Assigned task — Restate exactly the lines that run from the start of the records below to the line containing "And what we", counting both ends, and nothing else; pictures stay out.

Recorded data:
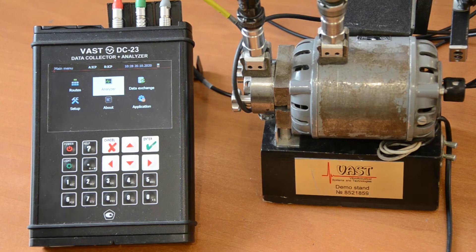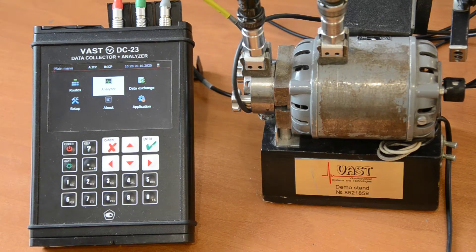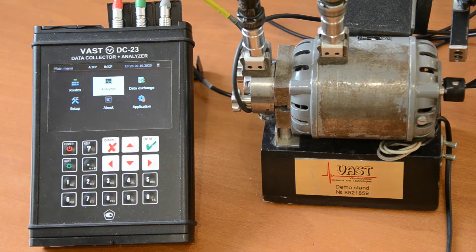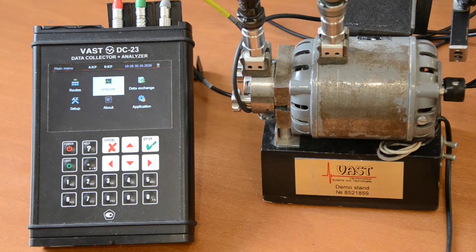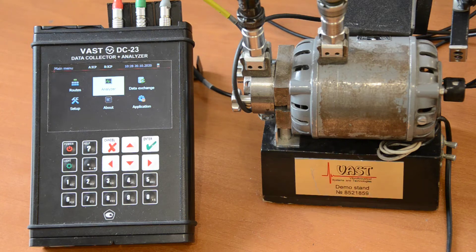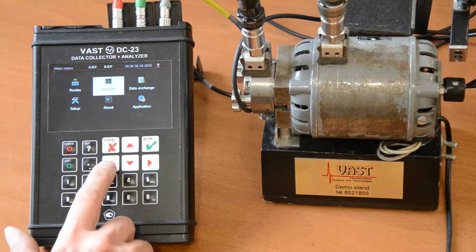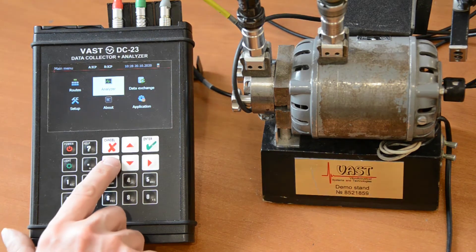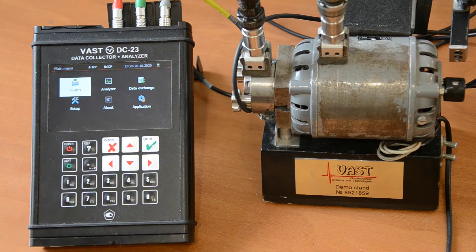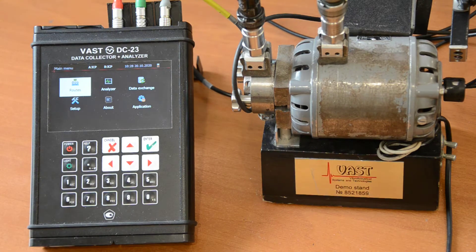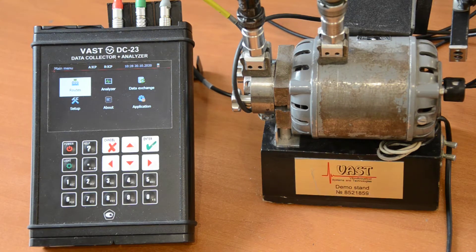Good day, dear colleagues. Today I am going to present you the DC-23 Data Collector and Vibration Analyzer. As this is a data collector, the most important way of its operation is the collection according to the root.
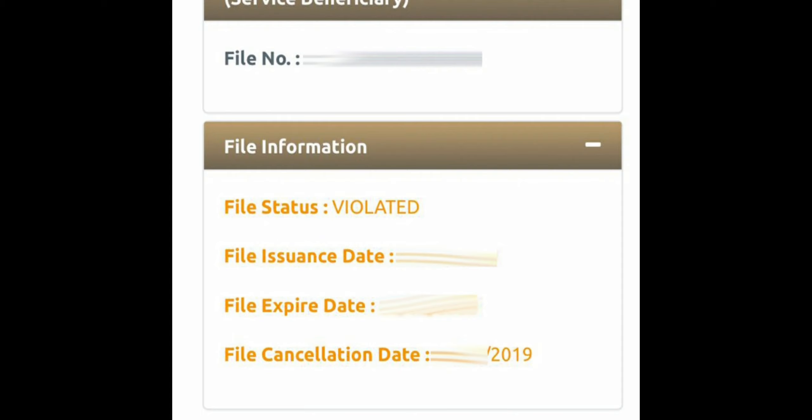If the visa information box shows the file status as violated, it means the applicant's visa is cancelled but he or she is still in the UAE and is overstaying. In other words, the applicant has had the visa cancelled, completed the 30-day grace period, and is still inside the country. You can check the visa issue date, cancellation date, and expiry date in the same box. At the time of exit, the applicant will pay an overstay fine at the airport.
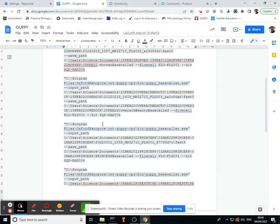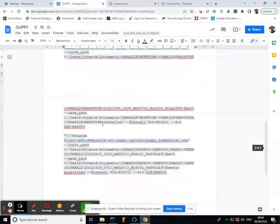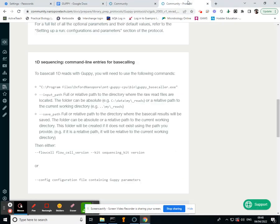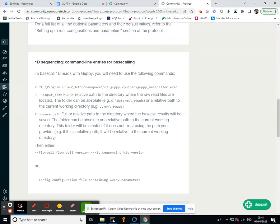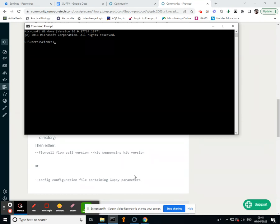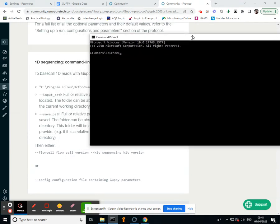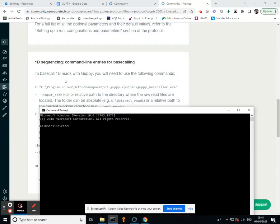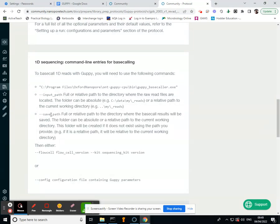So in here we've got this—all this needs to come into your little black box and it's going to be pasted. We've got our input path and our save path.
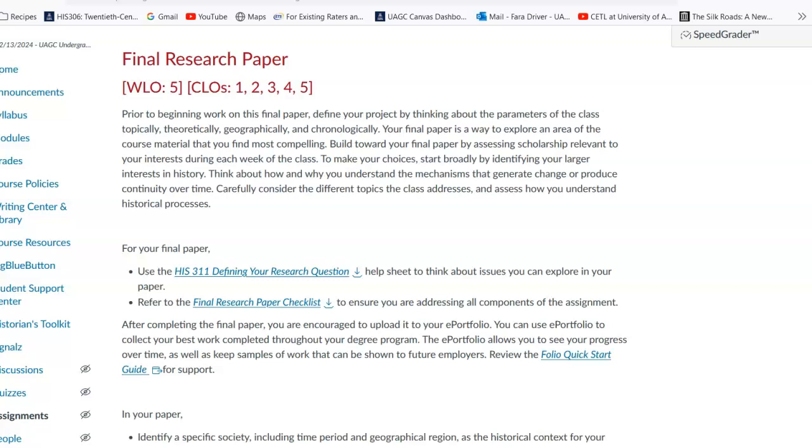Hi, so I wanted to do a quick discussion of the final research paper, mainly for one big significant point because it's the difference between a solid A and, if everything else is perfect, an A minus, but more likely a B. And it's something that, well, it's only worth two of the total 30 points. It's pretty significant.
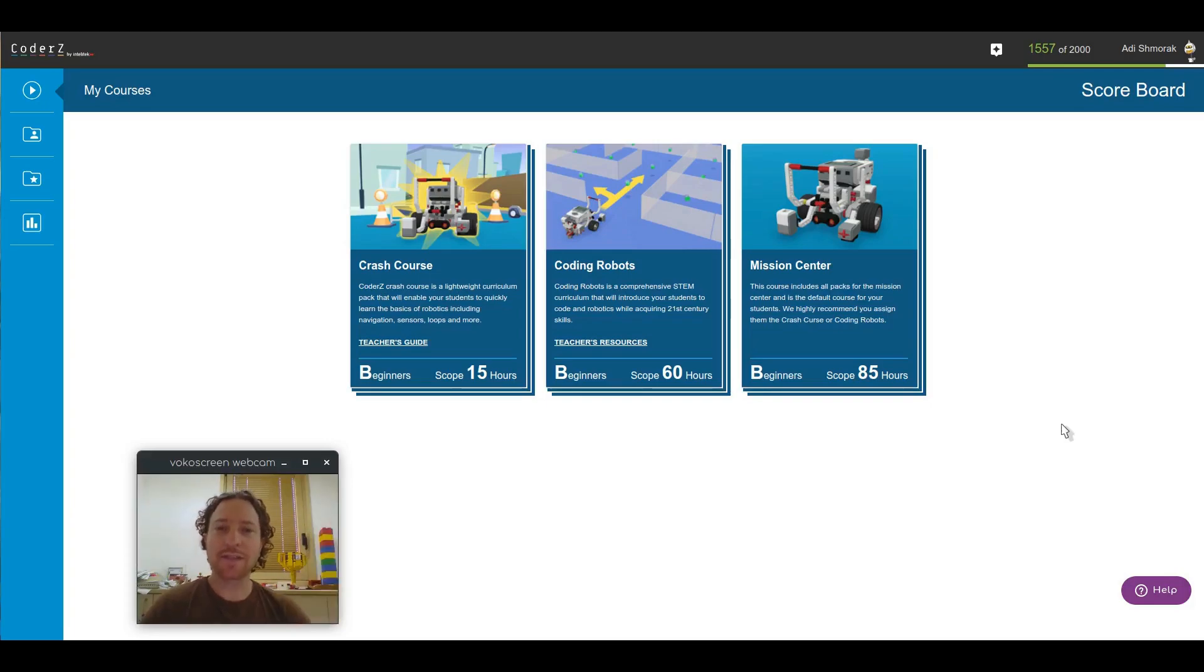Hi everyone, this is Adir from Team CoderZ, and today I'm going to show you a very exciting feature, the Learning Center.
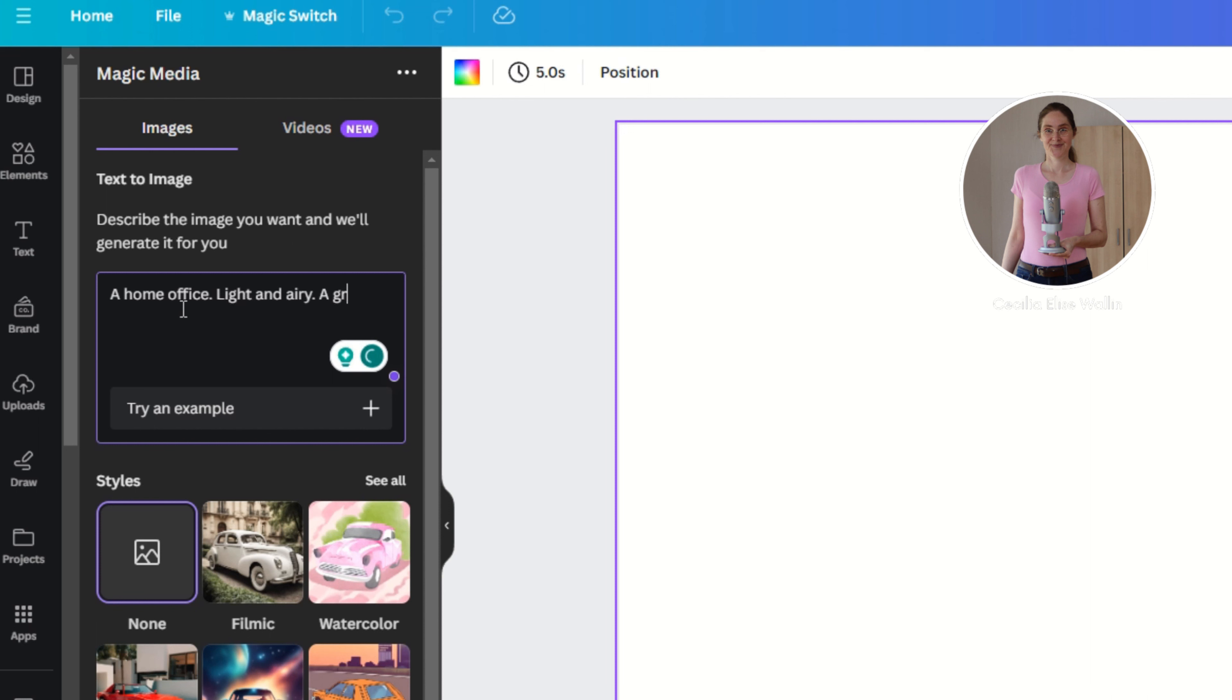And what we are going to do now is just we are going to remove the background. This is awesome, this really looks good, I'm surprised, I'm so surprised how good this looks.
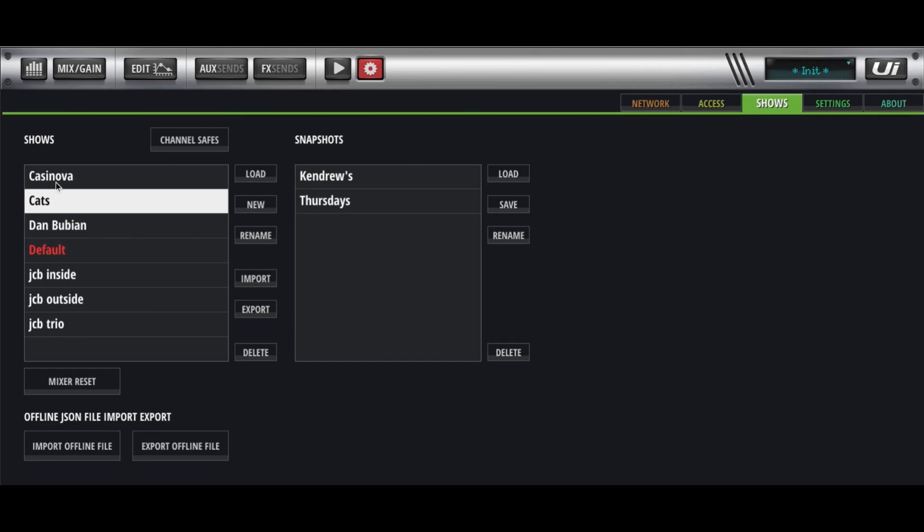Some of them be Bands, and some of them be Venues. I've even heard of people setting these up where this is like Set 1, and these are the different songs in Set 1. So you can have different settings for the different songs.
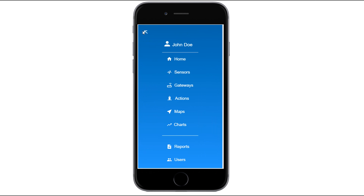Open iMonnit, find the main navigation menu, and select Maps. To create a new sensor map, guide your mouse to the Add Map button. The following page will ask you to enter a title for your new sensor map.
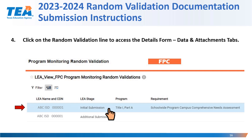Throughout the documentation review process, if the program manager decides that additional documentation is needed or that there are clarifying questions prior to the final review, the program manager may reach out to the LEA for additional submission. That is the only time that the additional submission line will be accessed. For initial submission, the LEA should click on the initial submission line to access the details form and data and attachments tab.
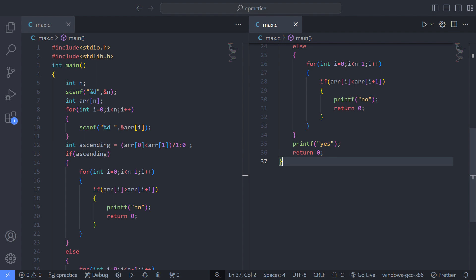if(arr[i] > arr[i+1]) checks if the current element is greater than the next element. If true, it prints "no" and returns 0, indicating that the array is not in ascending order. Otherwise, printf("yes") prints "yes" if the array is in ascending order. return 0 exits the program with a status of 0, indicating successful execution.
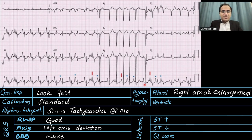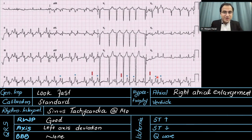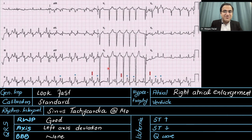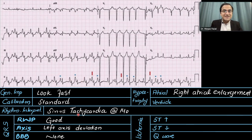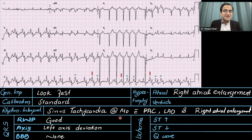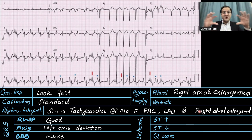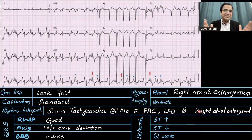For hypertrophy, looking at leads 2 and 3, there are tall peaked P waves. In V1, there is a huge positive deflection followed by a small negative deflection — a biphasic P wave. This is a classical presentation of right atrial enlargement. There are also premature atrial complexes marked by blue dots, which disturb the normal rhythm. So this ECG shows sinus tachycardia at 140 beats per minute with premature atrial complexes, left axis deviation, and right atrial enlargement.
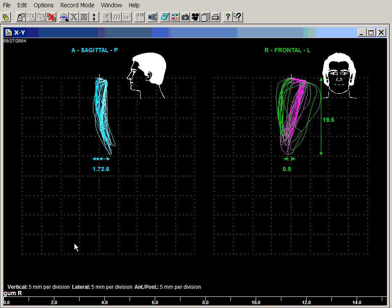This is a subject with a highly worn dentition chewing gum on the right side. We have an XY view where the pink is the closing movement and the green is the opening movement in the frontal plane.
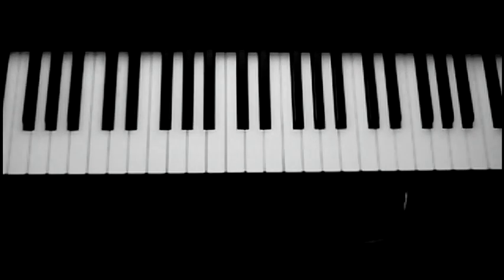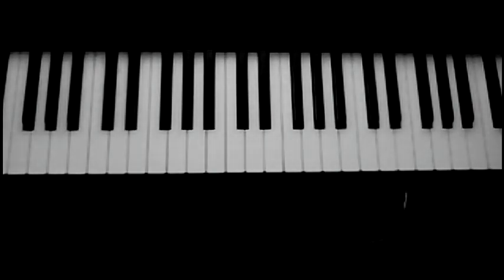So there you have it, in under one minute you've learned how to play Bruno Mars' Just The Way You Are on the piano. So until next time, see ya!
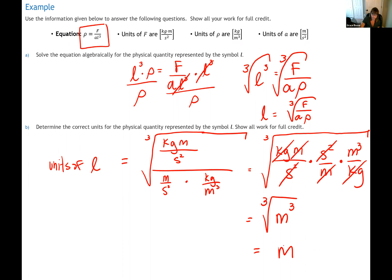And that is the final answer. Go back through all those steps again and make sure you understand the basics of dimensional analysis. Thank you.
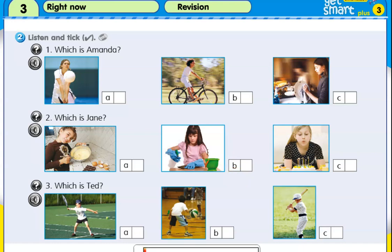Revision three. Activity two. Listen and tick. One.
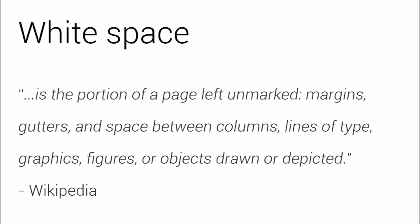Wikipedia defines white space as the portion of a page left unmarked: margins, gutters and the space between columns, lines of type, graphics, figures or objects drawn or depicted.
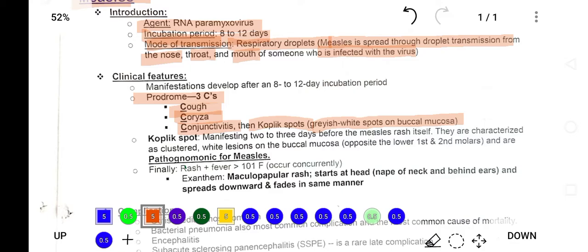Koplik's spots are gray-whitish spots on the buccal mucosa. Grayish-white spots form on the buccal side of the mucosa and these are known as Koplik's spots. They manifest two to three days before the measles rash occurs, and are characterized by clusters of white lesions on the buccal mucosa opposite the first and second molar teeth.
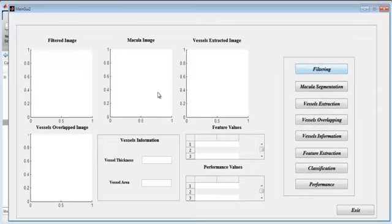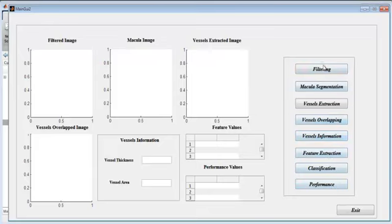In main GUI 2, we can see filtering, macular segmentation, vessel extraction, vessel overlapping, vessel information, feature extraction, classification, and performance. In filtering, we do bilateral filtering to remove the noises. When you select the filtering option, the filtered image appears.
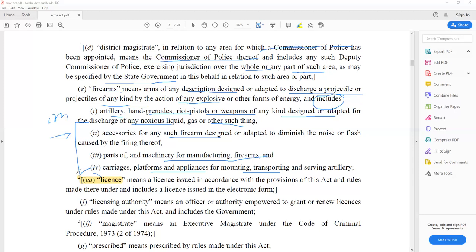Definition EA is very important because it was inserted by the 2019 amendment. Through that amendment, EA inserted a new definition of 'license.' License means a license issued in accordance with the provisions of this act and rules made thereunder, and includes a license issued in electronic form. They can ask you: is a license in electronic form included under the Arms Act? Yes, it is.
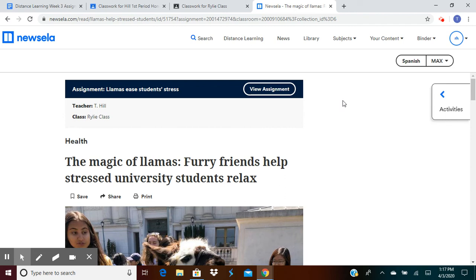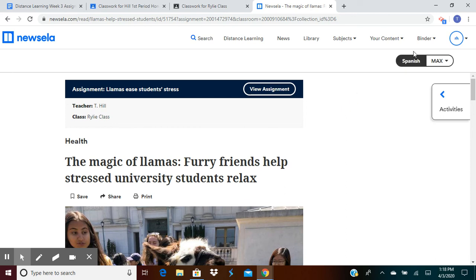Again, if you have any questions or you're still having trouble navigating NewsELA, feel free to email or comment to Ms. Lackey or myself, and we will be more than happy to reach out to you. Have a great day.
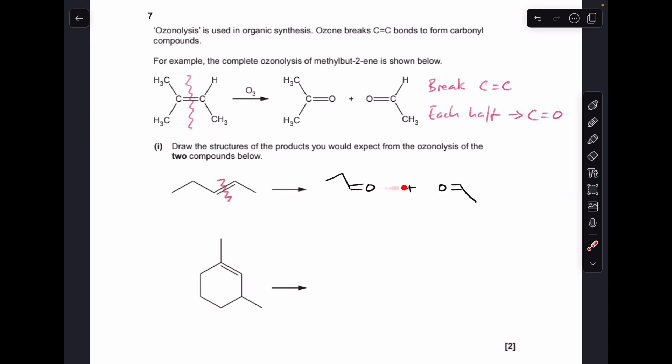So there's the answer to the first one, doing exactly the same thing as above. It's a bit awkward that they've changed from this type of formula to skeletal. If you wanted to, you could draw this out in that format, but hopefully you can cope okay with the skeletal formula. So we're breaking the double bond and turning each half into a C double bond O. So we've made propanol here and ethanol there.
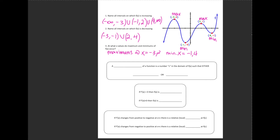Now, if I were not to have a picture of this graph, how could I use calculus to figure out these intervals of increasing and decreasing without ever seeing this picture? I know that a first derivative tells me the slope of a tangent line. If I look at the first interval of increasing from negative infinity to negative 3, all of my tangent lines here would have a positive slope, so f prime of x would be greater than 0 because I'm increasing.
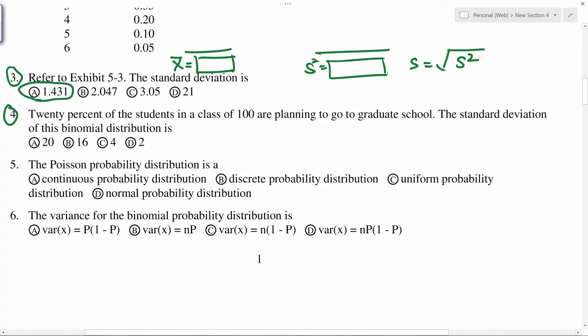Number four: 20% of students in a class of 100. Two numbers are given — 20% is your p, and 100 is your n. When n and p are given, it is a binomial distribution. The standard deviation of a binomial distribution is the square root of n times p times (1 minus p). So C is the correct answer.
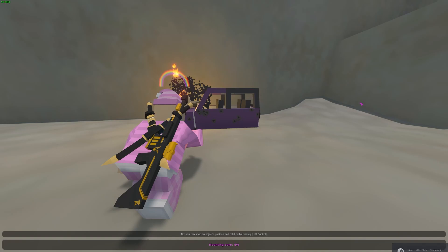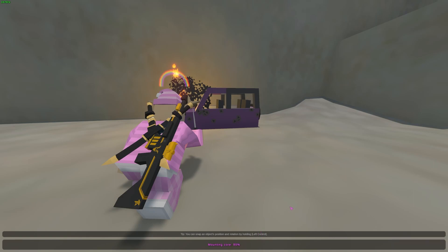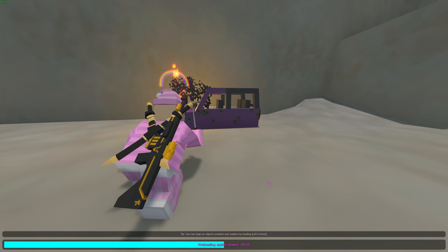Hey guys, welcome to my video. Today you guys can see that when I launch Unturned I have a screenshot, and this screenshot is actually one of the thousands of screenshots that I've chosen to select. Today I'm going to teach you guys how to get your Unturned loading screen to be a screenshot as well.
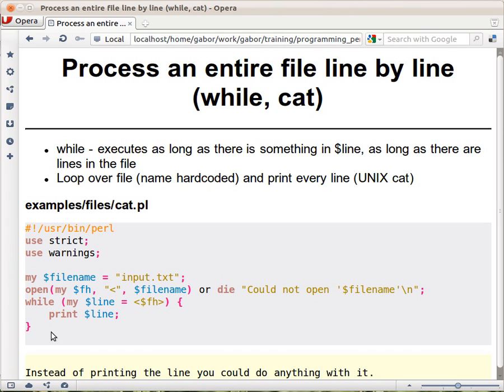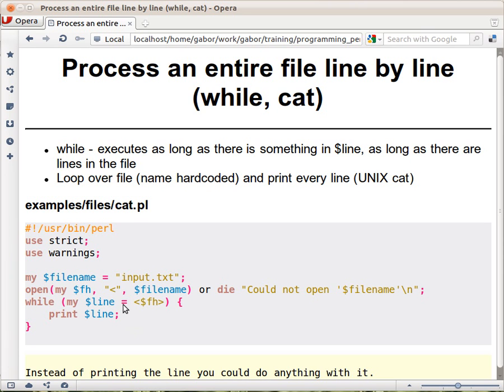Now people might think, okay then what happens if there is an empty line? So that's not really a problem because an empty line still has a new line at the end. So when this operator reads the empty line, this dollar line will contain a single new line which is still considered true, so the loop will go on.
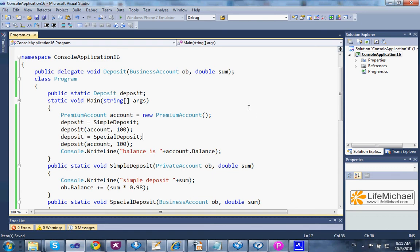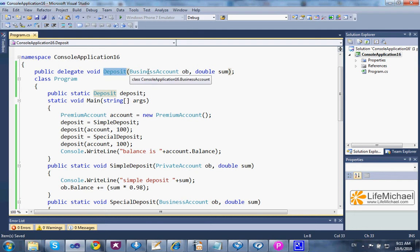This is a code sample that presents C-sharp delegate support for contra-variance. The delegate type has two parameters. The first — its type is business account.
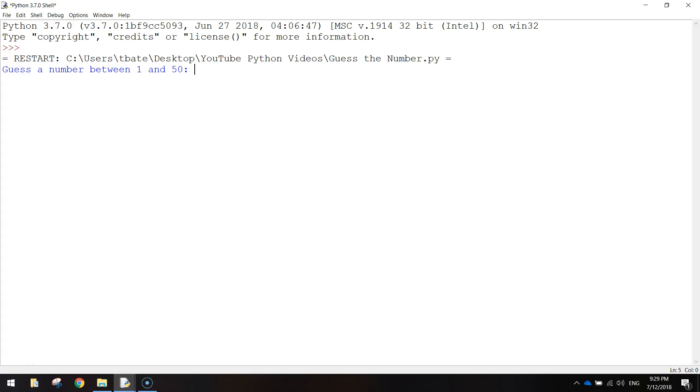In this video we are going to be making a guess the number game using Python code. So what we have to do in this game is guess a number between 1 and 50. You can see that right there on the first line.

Task response —
Good day, dear colleagues. Today I am going to present you the DC-23 Data Collector and Vibration Analyzer. As this is a data collector, the most important way of its operation is the collection according to the root.
If the visa information box shows the file status as violated, it means the applicant's visa is cancelled but he or she is still in the UAE and is overstaying. In other words, the applicant has had the visa cancelled, completed the 30-day grace period, and is still inside the country. You can check the visa issue date, cancellation date, and expiry date in the same box. At the time of exit, the applicant will pay an overstay fine at the airport.
So in here we've got this—all this needs to come into your little black box and it's going to be pasted. We've got our input path and our save path.
Hi, so I wanted to do a quick discussion of the final research paper, mainly for one big significant point because it's the difference between a solid A and, if everything else is perfect, an A minus, but more likely a B. And it's something that, well, it's only worth two of the total 30 points. It's pretty significant.
Hi everyone, this is Adir from Team CoderZ, and today I'm going to show you a very exciting feature, the Learning Center.
And what we are going to do now is just we are going to remove the background. This is awesome, this really looks good, I'm surprised, I'm so surprised how good this looks.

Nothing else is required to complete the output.